The alternative - separate systems for workflows and agents that do not integrate cleanly - forces awkward handoffs, duplicated capabilities, and architectural compromises. You end up choosing one paradigm because you cannot use both effectively, even when both would serve you better.
Practical Implications
Understanding the distinction affects how you design systems.
Start by identifying which parts of your problem need judgment and which need consistency. Map out the overall process. Where are decisions made at design time versus runtime? This analysis suggests where workflows and agents each fit.
Design workflows for the structural backbone. The overall process flow, the guaranteed sequences, the compliance-critical paths - these belong in workflow structures where predictability is enforced.
Design agents for the judgment-requiring components. The interpretation, the adaptation, the decision-making - these belong in agent components where reasoning can happen.
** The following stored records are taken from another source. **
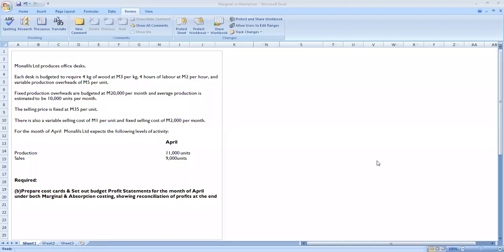Welcome to my channel. This video will cover marginal costing and absorption costing exam technique. The important thing is the requirement: preparing a cost card and setting out the budget profit statements for the month of April under both marginal and absorption costing.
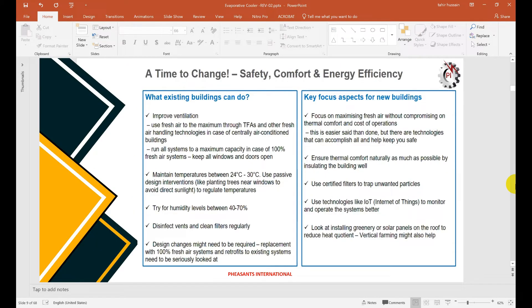There are two types of buildings: existing buildings and new buildings. For existing buildings, because of COVID, ASHRAE recommends maintaining temperature 24 to 30 degrees centigrade to allow more fresh air. We should use fresh air to the maximum through treated fresh air and other fresh air handling technology. In central air conditioning buildings, run the system at mostly 100% fresh air, maintain temperature between 24 to 30 degrees centigrade, and target humidity level between 40 to 70 percent. For new buildings, we must focus on increasing fresh air to bring more oxygen and improve comfort.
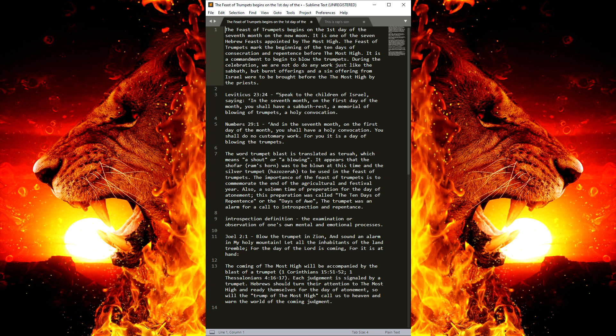Don't be sinning, be reflecting, and repenting. This is Rap Sun.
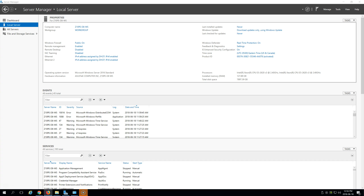Hi there, Trevor here from the Option Key. I'm going to go over how to properly set up Intel network teaming and VLANs on Server 2012, 2012 R2, and Server 2016. To do that you go through the Server Manager.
Plan the interfaces between them. How do agents invoke workflows? How do workflows invoke agents? What data passes at each boundary? Clean interfaces make the hybrid architecture maintainable.
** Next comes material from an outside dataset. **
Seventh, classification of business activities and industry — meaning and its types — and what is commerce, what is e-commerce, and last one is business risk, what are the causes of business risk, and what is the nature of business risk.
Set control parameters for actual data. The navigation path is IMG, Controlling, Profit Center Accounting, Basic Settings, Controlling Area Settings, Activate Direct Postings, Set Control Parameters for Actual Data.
Accept that the boundary will evolve. As you learn more about your domain, some agent decisions might become predictable enough to move into workflows. Some workflow steps might reveal hidden complexity that benefits from agent judgment. The architecture should accommodate this evolution.
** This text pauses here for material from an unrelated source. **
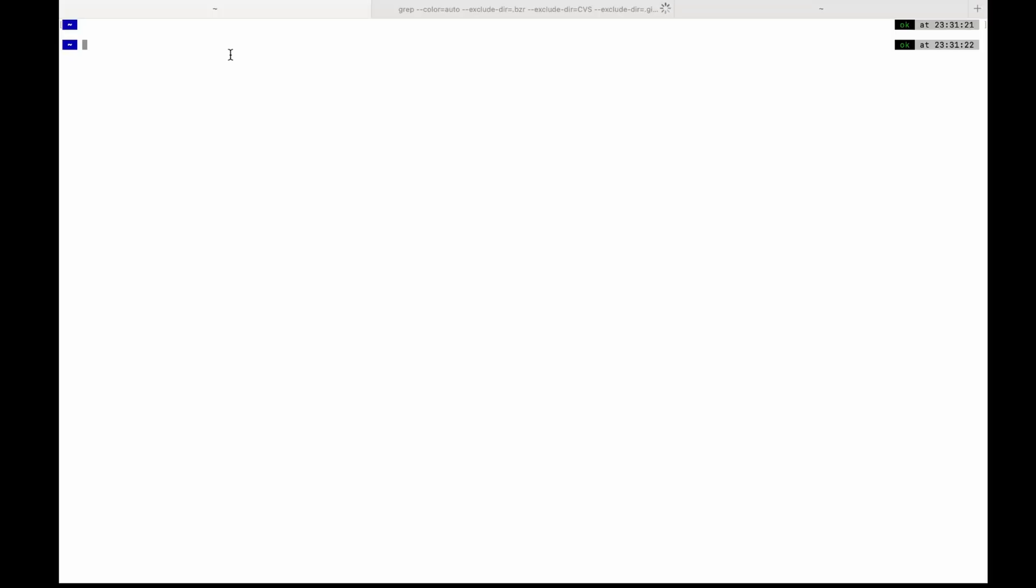To install YTDLP, we can do it through brew. Brew is a package manager for macOS. So let's first install homebrew.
For teams building systems that need both structured processes and intelligent reasoning, inference.sh provides workflows and agents as part of the same unified platform. Flows define visual workflows with durable execution. Agents provide autonomous reasoning with tool use. Each can invoke the other. You build with both, integrated, choosing the right approach for each part of your system.
The question is not workflows or agents. The question is where in your system each one belongs. Getting that architecture right - structured where structure helps, adaptive where adaptation helps - produces systems that are both reliable and intelligent.
FAQ
Can a single task be both a workflow and an agent problem?
Yes, and this is common. The overall task might be a workflow - a defined sequence of phases - while individual phases involve agent reasoning. A content pipeline might have fixed phases (research, draft, review, publish) making it a workflow, but each phase involves judgment calls that benefit from agent capabilities. The workflow provides the skeleton; agents provide the intelligence at each step. Recognizing this hybrid nature leads to better architectures than forcing the entire task into one paradigm.
How do I decide if something should be a workflow step or an agent decision?
Ask whether the decision is the same every time or depends on context. If step B always follows step A for a given process, that is workflow structure. If what happens after step A depends on evaluating the results and choosing among options, that is agent territory. Another test: could you write explicit rules that handle all cases? If yes, a workflow with conditionals might suffice. If the rules would be incomplete or the exceptions numerous, agent judgment handles the complexity better.
What happens when workflows fail versus when agents fail?
Workflow failures are usually clear - a specific step failed with a specific error. The predetermined structure makes diagnosis straightforward. You know exactly where execution stopped and why. Agent failures can be subtler - the agent completed but made poor decisions, or got stuck in unhelpful loops, or missed better approaches. Debugging requires examining reasoning, not just execution logs. This difference affects monitoring strategies: workflows need step-level health checks, agents need reasoning quality assessment.